Baldwin at times sounds prophetic, as with his scathing retort to then-Attorney General Robert Kennedy’s condescending assertion, “There is no reason that in the near and foreseeable future that a Negro could not also be President of the United States.” In 1965, Baldwin responded, “From the point of view of the man in the Harlem barbershop, Bobby Kennedy only got here yesterday and now he’s already on his way to the presidency. We’ve been here for four hundred years and now he tells that maybe in forty years, if you’re good, we may let you become president.” Barack Obama was elected in 2008, but of course many of us did not really ever let him become president. Despite the complete debunking of the racist “birther” claims that began as soon as he started campaigning, one out of three Republicans still don’t believe he was born in the United States.
“…the people in general cannot bear very much reality…they prefer fantasy to a truthful re-creation of their experience.” Today a reality TV president makes the idea of a serious engagement with hard realities seem quaint and ridiculous. Bald lies in the guise of “alternative facts” replace actual facts. Wiretapping can be spun as “wiretapping.” Hard science has somehow become deniable. As ever, we’d rather be numb than awake. As Baldwin put it, our “concept of entertainment is difficult to distinguish from the use of narcotics.”
The most chilling image from I Am Not Your Negro is not of a lynching, but that of the faces — passive, empty, apathetic — of two young women sitting in an audience watching some sad display of human misery played out on a stage in front of television cameras.
Art critic Viktor Shklovsky wrote a century ago, in his essay “Art as Device,” “…and so, held accountable for nothing, life fades into nothingness… And so, in order to return sensation to our limbs, in order to make us feel objects, to make a stone feel stony, man has been given the tool of art.” I found sensation mysteriously returned to my heart through this artful, distressing and yet ultimately optimistic movie about our common American experience.

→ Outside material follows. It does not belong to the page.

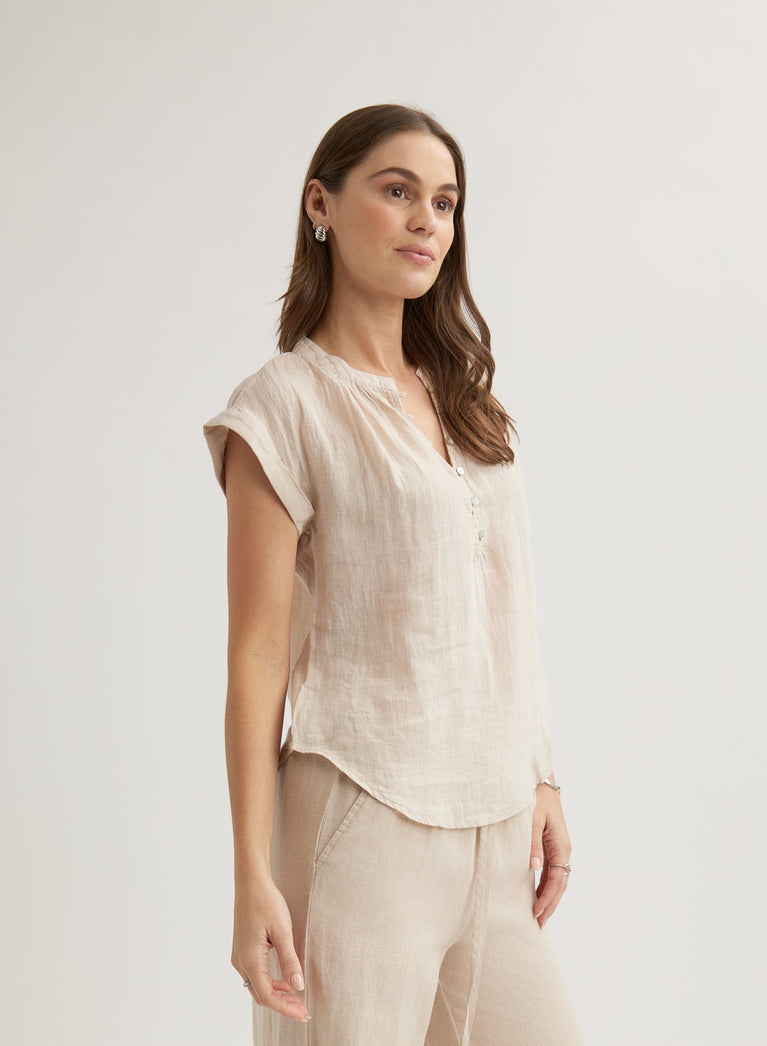 Bella Dahl Linen Cap Sleeve Pullover - Linen Sand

There’s so much I don’t understand about race, my own feelings, blind spots and motivations. It’s also unclear how things nationally might change for the better. Yet, here comes a difficult movie about what not long ago was an unspeakable subject, and it’s on track to make more money than the 2016 documentary Hillary’s America: The Secret History of the Democratic Party. Alan Zilberman of the Washington Post called that conservative movie, “Incurious to a fault, it’s also too incoherent for serious argument.”